_To do_
Return each line below holding the string "floors".

Records from a data collection
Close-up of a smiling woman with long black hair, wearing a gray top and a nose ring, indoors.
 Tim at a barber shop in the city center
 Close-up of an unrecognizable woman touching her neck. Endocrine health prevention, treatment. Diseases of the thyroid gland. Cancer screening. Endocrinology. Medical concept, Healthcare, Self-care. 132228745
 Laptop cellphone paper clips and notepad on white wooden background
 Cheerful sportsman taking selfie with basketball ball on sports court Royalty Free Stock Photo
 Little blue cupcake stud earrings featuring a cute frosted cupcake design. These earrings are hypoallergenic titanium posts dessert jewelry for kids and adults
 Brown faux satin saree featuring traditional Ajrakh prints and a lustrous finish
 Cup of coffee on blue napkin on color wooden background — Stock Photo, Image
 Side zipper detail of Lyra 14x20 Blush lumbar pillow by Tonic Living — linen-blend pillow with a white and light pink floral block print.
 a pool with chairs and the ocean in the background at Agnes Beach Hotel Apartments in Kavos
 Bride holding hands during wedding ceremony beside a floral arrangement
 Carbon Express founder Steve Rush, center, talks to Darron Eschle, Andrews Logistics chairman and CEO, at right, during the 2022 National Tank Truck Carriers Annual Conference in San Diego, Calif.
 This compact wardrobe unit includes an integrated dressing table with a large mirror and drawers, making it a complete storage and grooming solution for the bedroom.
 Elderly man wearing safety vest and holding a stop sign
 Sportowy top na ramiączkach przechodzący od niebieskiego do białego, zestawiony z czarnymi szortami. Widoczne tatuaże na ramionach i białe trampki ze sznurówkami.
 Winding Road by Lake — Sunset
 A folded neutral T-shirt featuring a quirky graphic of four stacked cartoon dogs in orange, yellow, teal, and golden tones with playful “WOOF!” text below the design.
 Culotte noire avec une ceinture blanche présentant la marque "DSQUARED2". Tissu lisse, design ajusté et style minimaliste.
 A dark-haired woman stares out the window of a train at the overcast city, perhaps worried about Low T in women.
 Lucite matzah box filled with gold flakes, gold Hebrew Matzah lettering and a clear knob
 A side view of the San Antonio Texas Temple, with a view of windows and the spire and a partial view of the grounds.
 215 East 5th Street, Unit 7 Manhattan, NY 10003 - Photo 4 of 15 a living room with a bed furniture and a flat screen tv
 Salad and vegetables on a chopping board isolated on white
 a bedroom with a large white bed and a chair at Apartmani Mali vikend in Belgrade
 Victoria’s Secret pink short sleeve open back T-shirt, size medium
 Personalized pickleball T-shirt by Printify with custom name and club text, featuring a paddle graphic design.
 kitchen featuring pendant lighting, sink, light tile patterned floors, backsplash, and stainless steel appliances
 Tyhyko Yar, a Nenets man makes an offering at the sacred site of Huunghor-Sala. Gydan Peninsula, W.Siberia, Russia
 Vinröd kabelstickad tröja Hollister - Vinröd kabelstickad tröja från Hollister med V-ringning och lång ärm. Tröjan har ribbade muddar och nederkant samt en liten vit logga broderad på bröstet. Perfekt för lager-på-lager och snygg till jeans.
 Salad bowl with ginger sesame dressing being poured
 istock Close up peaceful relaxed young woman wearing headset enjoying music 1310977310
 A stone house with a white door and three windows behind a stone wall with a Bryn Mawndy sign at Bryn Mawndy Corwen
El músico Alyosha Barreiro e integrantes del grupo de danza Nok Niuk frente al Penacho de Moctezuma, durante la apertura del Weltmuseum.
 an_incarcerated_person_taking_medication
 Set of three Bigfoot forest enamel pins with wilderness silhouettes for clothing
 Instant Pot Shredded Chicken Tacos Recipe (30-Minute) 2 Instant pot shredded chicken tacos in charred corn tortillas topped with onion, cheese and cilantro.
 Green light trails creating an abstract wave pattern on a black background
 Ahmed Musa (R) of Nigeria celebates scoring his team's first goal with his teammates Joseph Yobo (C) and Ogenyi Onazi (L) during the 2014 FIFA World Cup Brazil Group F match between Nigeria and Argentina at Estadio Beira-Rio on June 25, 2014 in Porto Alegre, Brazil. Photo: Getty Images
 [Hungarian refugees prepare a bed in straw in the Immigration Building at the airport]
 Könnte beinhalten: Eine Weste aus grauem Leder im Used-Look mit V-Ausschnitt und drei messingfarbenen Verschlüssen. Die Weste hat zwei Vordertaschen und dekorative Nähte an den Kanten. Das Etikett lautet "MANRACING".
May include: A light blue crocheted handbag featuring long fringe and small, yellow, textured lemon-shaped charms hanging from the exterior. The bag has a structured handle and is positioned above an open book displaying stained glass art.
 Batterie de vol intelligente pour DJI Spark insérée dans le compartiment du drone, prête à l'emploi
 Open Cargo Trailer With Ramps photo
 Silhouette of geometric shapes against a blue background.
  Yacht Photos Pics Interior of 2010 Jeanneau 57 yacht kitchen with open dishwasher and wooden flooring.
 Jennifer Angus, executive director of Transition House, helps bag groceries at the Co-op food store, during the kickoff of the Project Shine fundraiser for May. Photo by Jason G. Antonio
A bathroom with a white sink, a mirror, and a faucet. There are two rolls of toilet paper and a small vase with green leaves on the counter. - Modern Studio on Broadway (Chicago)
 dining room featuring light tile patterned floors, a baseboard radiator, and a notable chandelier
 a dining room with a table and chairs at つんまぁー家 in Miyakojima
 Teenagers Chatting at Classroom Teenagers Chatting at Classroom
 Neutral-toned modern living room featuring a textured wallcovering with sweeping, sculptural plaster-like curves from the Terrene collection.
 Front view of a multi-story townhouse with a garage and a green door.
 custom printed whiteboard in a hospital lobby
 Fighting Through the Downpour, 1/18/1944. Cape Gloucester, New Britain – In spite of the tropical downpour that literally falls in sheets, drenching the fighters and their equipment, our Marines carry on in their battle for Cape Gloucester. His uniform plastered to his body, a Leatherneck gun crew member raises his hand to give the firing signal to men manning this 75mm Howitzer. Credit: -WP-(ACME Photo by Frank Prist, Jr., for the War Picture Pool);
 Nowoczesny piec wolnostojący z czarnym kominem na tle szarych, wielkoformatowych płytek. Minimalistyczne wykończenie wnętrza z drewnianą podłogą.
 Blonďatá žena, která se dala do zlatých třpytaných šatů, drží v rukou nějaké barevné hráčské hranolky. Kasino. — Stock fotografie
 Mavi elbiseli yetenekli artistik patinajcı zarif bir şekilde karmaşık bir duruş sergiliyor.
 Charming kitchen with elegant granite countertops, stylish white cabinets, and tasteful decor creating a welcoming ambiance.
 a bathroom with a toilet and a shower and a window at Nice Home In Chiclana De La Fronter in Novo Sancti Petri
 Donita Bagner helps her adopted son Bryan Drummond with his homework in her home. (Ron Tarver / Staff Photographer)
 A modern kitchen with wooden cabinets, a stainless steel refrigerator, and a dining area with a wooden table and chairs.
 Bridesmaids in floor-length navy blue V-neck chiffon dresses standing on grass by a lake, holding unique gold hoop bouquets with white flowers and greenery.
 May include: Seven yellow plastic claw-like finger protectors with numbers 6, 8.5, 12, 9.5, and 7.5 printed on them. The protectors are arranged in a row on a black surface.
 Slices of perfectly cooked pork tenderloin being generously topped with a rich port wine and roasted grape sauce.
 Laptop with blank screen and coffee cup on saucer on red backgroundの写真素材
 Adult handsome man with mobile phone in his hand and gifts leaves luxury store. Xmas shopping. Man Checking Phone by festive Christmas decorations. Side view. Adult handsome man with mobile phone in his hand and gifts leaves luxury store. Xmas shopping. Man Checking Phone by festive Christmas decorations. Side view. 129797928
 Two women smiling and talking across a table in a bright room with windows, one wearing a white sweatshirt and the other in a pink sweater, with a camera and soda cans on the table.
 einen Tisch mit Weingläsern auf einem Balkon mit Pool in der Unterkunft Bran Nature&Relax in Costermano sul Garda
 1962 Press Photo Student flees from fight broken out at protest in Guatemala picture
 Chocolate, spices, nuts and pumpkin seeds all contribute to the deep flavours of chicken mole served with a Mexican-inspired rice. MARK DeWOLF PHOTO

_Response to this exercise_
 kitchen featuring pendant lighting, sink, light tile patterned floors, backsplash, and stainless steel appliances
 dining room featuring light tile patterned floors, a baseboard radiator, and a notable chandelier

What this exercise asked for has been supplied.